Tijarah
Tijarah berasal dari bahasa Arab, yaitu tajara, tajran wa tijaratan yang bermakna berdagang atau berniaga. Sedangkan at-tijaratun walmutjar berarti perdagangan atau perniagaan, attijariyyu wal mutjariyyu yang berarti mengenai perdagangan atau perniagaan.[1] Tijarah juga dapat diartikan sebagai suatu kegiatan mempertukarkan suatu barang berharga dengan mata uang melalui cara-cara yang telah ditentukan.

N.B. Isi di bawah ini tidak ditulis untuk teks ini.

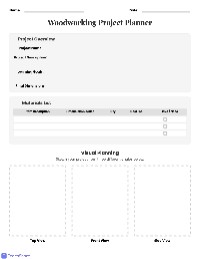 Woodworking Project Planning Guide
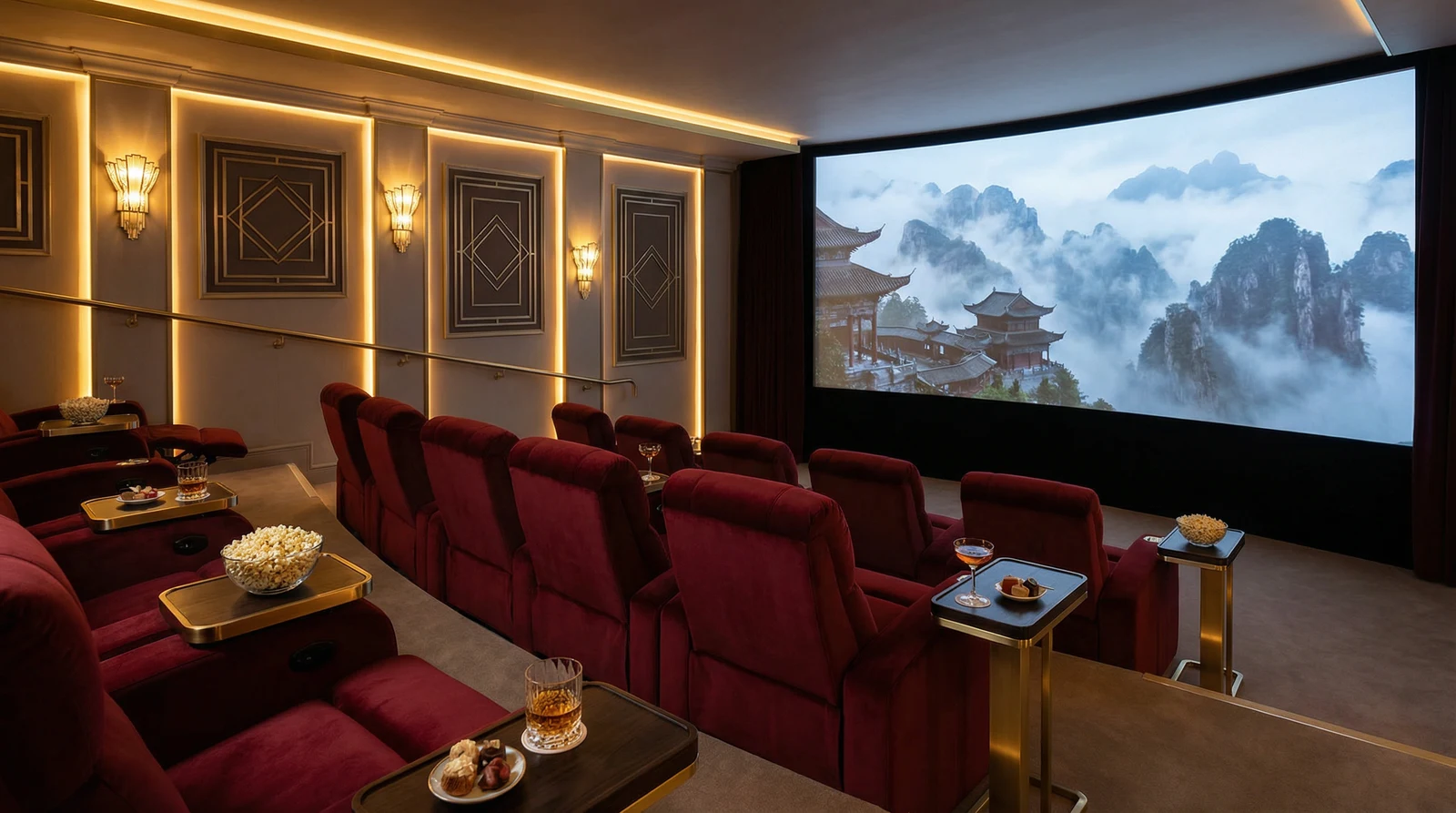 黄色仓库客户端贵宾级观影体验展示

Dalam pelaksanaannya, kegiatan ini harus bermanfaat dan diperbolehkan oleh syari'at Islam. Sedangkan Imam an-Nawawi, ahli fikih Mazhab Syafi'i mengartikan tijarah sebagai "pemindahan hak terhadap benda dengan melakukan tukar-menukar murni, yakni tukar-menukar barang".
Hukum
Hukum tijarah pada prinsipnya mubah (dibolehkan), hal ini berdasarkan surah al-Baqarah (2) ayat 275, an-Nisa (4) ayat 29, dan al-Baqarah (2) ayat 282. Ayat pertama membicarakan tentang praktek jual beli dan pengharaman riba, karena tijarah termasuk jual beli, maka hukumnya sama dengan jual beli. Ayat kedua menjelaskan tentang keharaman memakan harta manusia secara batil, kecuali melalui perdagangan yang dilaksanakan suka sama suka. Sedangkan ayat ketiga berbicara mengenai perlunya saksi dalam jual beli. Rasulullah SAW suatu ketika pernah ditanya oleh seseorang tentang usaha yang terbaik. Beliau menjawab, yaitu "seseorang yang bekerja dengan tangannya sendiri dan berdagang secara baik".(H.R. al-Bazzar dan disahihkan oleh al-Hakim dari Rifa'ah bin Rafi). Ayat Al-Qur'an dan Sunnah Rasulullah SAW telah menjelaskan bahwa hukum tijarah diperbolehkan.
Rukun
Rukun tijarah adalah a) sigah, 'b) aqid, dan c) ma'qud. Sigah merupakan transaksi atau dikenal dengan ijab dan kabul. 'Aqid adalah pelaku atau orang yang melakukan tijarah. Sedangkan Ma'qud merupakan barang yang diperdagangkan.[2]
Referensi
- ^ Kamus al-Munawwir,. Yogyakarta:: Pustaka Progresif. 1984. hlm. 139.